Friday, Nov 16, 2001 8:00 PM UTC2001-11-16T20:00:00Zl, M j, Y g:i A T

Appreciation: Ken Kesey

Captain Flag of the good ship Furthur didn't just create great literature, he was great literature -- and a quintessentially American character.

Appreciation: Ken Kesey

Word of Ken Kesey’s death came in under the radar last weekend, which is surprising considering the way the ebullient author rode into the American circus.

It’s easy to imagine him playing his own best-known character, Randall P. McMurphy, the bull-goose loony in “One Flew Over the Cuckoo’s Nest,” or see him as Hank Stamper in the 1971 film version of “Sometimes a Great Notion,” just by squinting a little at Paul Newman. But when I think of Kesey, I think of him on top of that bus, the same old International Harvester he left to the weeds outside his Oregon farm instead of the Smithsonian Institute.

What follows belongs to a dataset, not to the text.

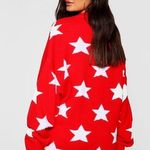 Boohoo NWT Oversized Star Knitted Thick Sweater M/L Photo 0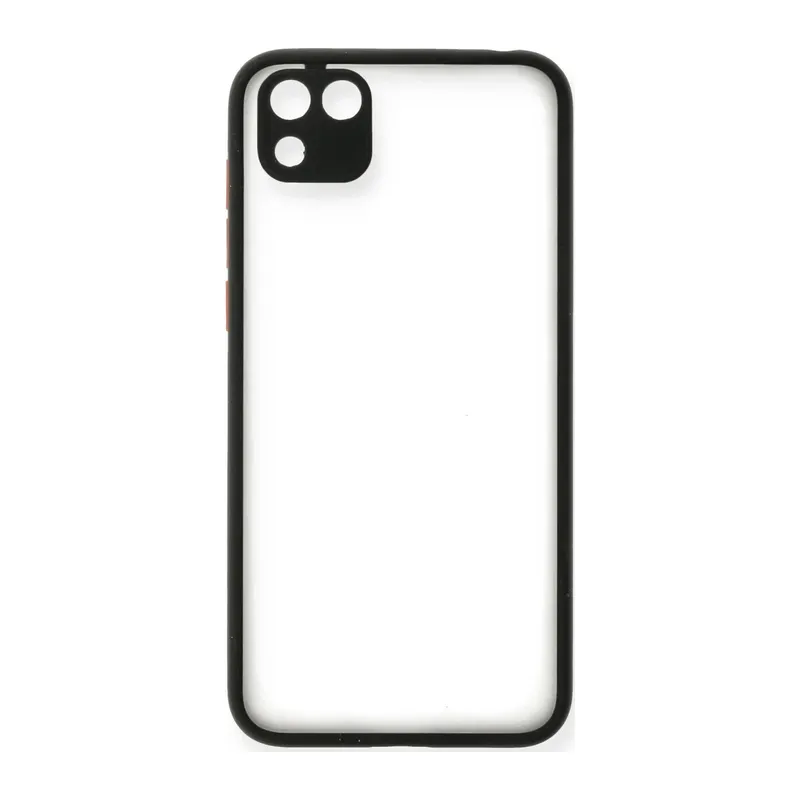 Huawei Y5P Kılıf Montreal Silikon Kapak - Siyah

Here’s one of the luminous snapshots captured in Tom Wolfe’s “Electric Kool-Aid Acid Test,” the book that chronicled the 1964 cross-country trek of Kesey and his Merry Pranksters with the same love and attention to detail Stephen Ambrose employed to limn the voyage, toward a different frontier, of Lewis and Clark.

“Going through the steams of southern Alabama in late June and Kesey rises up from out of the comic books and becomes Captain Flag. He puts on a pink kilt, like a miniskirt, and pink socks and patent leather shoes and pink sunglasses and wraps an American flag around his head like a big turban and holds it in place with an arrow through the back of it and gets up on top of the bus roaring through Alabama and starts playing the flute at people passing by …”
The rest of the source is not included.